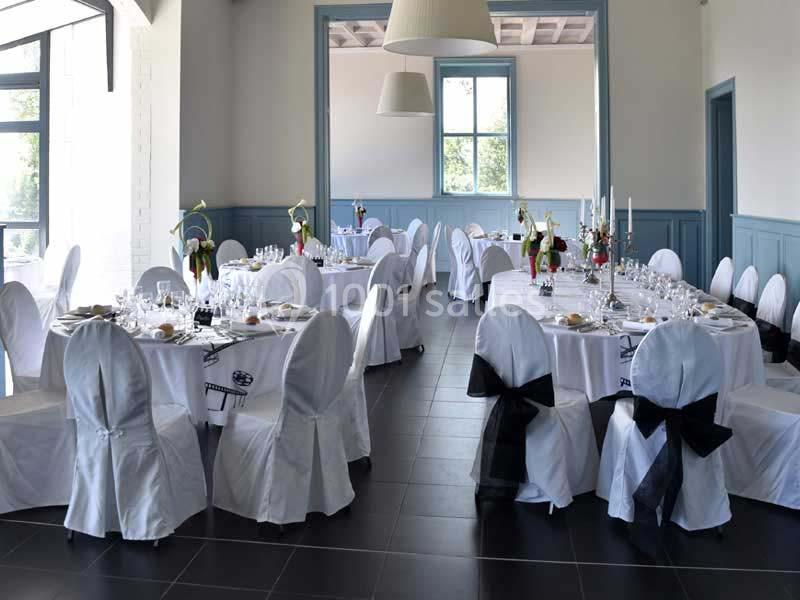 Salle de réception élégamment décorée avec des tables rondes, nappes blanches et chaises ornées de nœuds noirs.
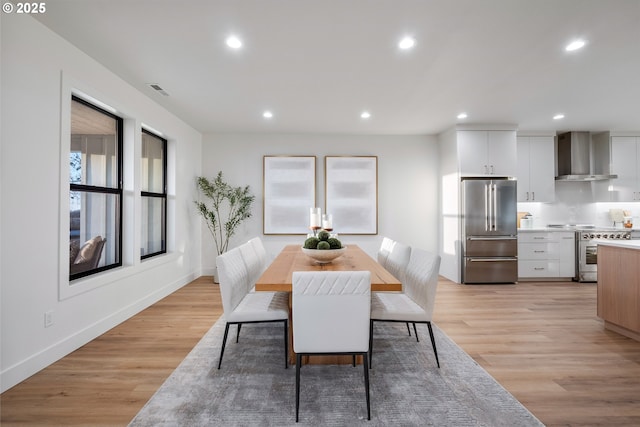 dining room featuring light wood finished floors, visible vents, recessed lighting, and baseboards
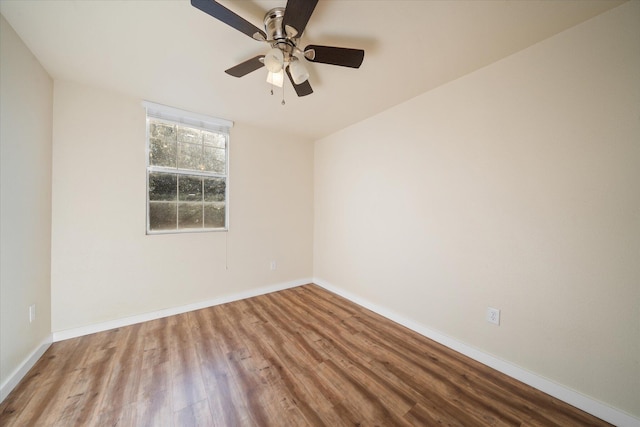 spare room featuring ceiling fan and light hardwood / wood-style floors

Task prompt:
Your answer should copy the listing word for word, with no pictures in it.

Response:
 Salle de réception élégamment décorée avec des tables rondes, nappes blanches et chaises ornées de nœuds noirs.
 dining room featuring light wood finished floors, visible vents, recessed lighting, and baseboards
 spare room featuring ceiling fan and light hardwood / wood-style floors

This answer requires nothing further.